━━━━━ Records shown
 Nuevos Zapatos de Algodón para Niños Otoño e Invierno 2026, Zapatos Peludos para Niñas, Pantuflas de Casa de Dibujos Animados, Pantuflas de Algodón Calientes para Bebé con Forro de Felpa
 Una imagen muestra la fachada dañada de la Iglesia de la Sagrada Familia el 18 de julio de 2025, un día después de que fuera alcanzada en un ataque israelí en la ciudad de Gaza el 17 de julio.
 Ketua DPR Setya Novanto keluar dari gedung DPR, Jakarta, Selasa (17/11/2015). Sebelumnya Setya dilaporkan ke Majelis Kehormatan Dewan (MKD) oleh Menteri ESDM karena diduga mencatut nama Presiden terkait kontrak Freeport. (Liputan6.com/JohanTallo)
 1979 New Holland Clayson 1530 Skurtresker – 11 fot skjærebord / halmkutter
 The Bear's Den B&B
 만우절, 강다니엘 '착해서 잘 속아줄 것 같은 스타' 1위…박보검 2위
━━━━━━━━━━
### What is being asked
Give back each line above precisely as it stands.

### Solution to this problem
 Nuevos Zapatos de Algodón para Niños Otoño e Invierno 2026, Zapatos Peludos para Niñas, Pantuflas de Casa de Dibujos Animados, Pantuflas de Algodón Calientes para Bebé con Forro de Felpa
 Una imagen muestra la fachada dañada de la Iglesia de la Sagrada Familia el 18 de julio de 2025, un día después de que fuera alcanzada en un ataque israelí en la ciudad de Gaza el 17 de julio.
 Ketua DPR Setya Novanto keluar dari gedung DPR, Jakarta, Selasa (17/11/2015). Sebelumnya Setya dilaporkan ke Majelis Kehormatan Dewan (MKD) oleh Menteri ESDM karena diduga mencatut nama Presiden terkait kontrak Freeport. (Liputan6.com/JohanTallo)
 1979 New Holland Clayson 1530 Skurtresker – 11 fot skjærebord / halmkutter
 The Bear's Den B&B
 만우절, 강다니엘 '착해서 잘 속아줄 것 같은 스타' 1위…박보검 2위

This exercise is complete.